WHAT THE TASK REQUIRES |
Repeat the listing exactly. Any picture in it should be left out of the copy.

⟨

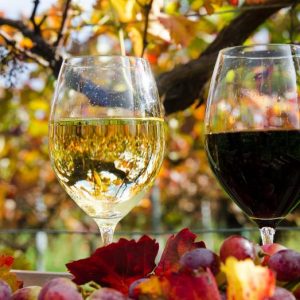 HARVEST PARTY 2020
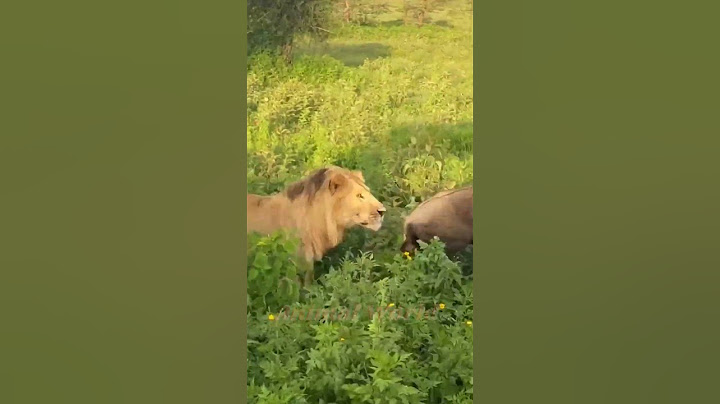 Lion Walks Right Into Sleeping Wildebeest😮 #forest #animals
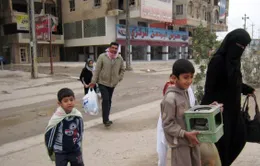 Iraq: Người dân sơ tán khỏi Fallujah và Ramadi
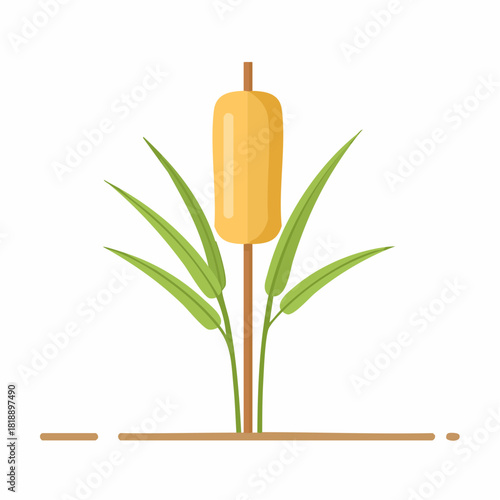 Stylized Cattail Plant with Long Green Leaves Growing from Marshy Ground
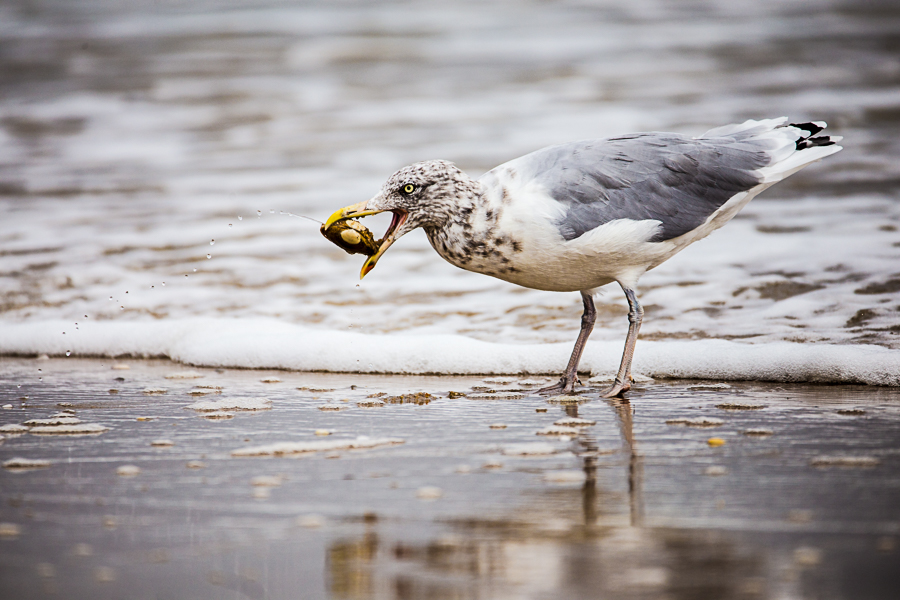 A herring gull plucks a clam from the surfline. The ability to hand-hold this long-reach lens makes it perfect for my outdoor adventures, which usually involve several miles of hiking with my camera at the ready. 1/2000 F6.3 ISO 400 at 600mm on a Canon EOS 6D.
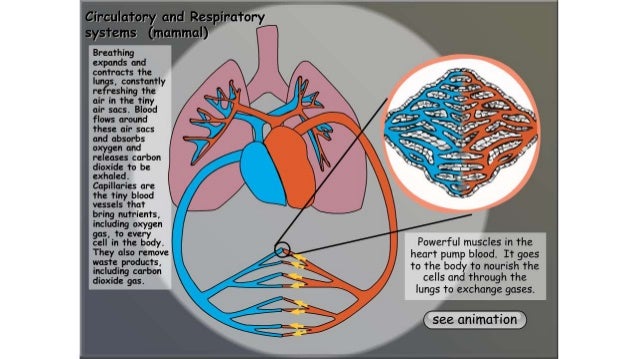 Lesson 1 Circulatory System - Grade 9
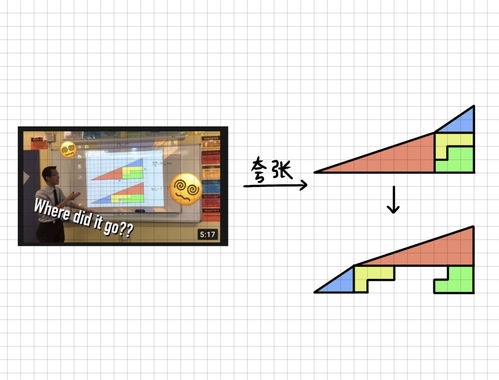 HOMO宇宙的114个冷知识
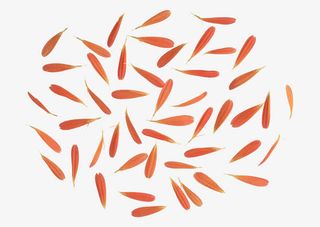 散落的花瓣免抠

⟩

ANSWER BELOW |
 HARVEST PARTY 2020
 Lion Walks Right Into Sleeping Wildebeest😮 #forest #animals
 Iraq: Người dân sơ tán khỏi Fallujah và Ramadi
 Stylized Cattail Plant with Long Green Leaves Growing from Marshy Ground
 A herring gull plucks a clam from the surfline. The ability to hand-hold this long-reach lens makes it perfect for my outdoor adventures, which usually involve several miles of hiking with my camera at the ready. 1/2000 F6.3 ISO 400 at 600mm on a Canon EOS 6D.
 Lesson 1 Circulatory System - Grade 9
 HOMO宇宙的114个冷知识
 散落的花瓣免抠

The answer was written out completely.